Richard B. Leshner and Thor Hogan offer an engrossing behind-the-scenes look at how and why NASA managed to make an aggressive earth science research program part of the national agenda—an accomplishment made possible by the pragmatic and assertive efforts of the earth science community. This is the first book to focus on describing and analyzing the historical evolution of the MPTE/EOS initiative from its formative years in the 1980s to its political and technical struggles in the 1990s to its scientific successes in the 2000s. Though detailed in its coverage of science and technology, The View from Space is primarily concerned with questions of policy—specifically, how MTPE/EOS came to be, how it developed, and how its proponents navigated the fraught politics of the time. Compelling in its own right, this in-depth history of the initiative is also a valuable object lesson in how political, technical, and scientific infighting can shape a project of such national and global consequence—particularly in the age of climate change.
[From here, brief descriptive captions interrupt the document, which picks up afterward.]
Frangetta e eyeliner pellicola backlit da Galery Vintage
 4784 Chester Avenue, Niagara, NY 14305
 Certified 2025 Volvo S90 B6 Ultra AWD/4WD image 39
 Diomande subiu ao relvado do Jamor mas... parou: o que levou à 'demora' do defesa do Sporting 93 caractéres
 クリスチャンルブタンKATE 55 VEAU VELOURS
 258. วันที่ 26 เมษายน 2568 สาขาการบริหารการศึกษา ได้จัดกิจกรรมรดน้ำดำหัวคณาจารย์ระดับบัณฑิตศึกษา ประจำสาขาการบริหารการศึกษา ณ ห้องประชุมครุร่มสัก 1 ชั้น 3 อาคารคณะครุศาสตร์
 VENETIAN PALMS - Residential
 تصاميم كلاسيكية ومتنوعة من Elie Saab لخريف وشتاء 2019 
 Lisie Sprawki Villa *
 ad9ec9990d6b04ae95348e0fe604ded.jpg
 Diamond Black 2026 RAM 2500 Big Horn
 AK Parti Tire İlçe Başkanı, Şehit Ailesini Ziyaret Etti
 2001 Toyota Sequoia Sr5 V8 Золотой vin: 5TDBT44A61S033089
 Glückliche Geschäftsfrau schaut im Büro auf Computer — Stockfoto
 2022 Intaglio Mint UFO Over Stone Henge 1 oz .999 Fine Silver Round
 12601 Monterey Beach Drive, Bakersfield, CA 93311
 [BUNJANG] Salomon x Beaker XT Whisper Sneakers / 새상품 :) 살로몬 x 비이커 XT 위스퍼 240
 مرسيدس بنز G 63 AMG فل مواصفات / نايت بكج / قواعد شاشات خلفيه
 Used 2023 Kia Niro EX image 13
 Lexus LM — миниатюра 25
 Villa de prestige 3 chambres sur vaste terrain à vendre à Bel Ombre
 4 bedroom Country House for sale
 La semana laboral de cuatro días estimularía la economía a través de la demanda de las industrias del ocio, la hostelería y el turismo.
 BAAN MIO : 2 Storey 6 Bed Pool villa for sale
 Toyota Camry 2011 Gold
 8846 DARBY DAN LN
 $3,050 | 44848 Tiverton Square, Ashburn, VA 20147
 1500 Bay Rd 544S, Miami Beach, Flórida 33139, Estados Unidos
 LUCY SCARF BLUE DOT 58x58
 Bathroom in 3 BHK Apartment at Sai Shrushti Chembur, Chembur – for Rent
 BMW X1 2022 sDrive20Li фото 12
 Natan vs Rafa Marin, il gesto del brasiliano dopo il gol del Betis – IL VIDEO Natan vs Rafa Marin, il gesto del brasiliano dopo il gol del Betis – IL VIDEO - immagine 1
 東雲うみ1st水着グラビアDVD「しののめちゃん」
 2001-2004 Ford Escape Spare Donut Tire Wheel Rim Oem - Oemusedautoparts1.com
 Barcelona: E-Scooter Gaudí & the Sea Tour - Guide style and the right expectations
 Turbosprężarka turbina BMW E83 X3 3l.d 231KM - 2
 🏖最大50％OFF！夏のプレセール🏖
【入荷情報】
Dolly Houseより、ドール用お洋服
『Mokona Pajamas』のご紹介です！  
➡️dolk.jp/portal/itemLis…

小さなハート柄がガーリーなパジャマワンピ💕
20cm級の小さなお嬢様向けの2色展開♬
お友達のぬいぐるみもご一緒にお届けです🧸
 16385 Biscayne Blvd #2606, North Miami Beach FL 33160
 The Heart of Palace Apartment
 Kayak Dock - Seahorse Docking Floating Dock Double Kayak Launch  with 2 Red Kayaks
“The View from Space illustrates how [the Earth Observing System] came into being, and how it overcame numerous policy challenges. The authors tie that into academic models of policy development and bureaucracies, but even if you’re not interested in those academic approaches, the book is still a fascinating history of now NASAs modern-day Earth science program emerged decades ago. It doesnt get the attention of launching astronauts or landing Mars rovers, but it may be just as important, if not more so.”
—Jeff Foust, The Space Review
“For anyone interested in how America’s civilian space agency became a critical force in advancing earth science, including climate change research, The View from Space is essential reading. The authors provide a comprehensive policy history of the evolution of NASA’s Earth Observing System and the politics that made it possible.”
—W. Henry Lambright, Maxwell School of Citizenship and Public Affairs, Syracuse University
“As humanity grapples with its epochal impacts on the planetary environment, a network of NASA satellites beams down data about the wide-ranging effects of global climate change. This Earth Observing System (EOS), first envisioned in the 1980s, provides the critical view from space that Richard Leshner and Thor Hogan cover in this important study. Their detailed analysis of the policymaking process that culminated in NASA’s multibillion dollar EOS also provides a revealing view from Earth of the institutional players who worked hard on the ground—and will have to continue to do so—to ensure the United States invests in essential space-based environmental research.”
—James Spiller, author of Frontiers for the American Century: Outer Space, Antarctica, and Cold War Nationalism
“While most books on space exploration focus on NASA’s adventures on the moon, to Mars, and throughout deep space, Leshner and Hogan turn their tale back around toward Earth. They do this by bringing readers along on a historical investigation of Mission to Planet Earth, NASA’s most comprehensive attempt to deploy space technology and science to study and understand our own global environment. The View from Space is thus a must-read for scientists, policymakers, politicians, and anyone from the general public who is concerned with our current climate crisis.”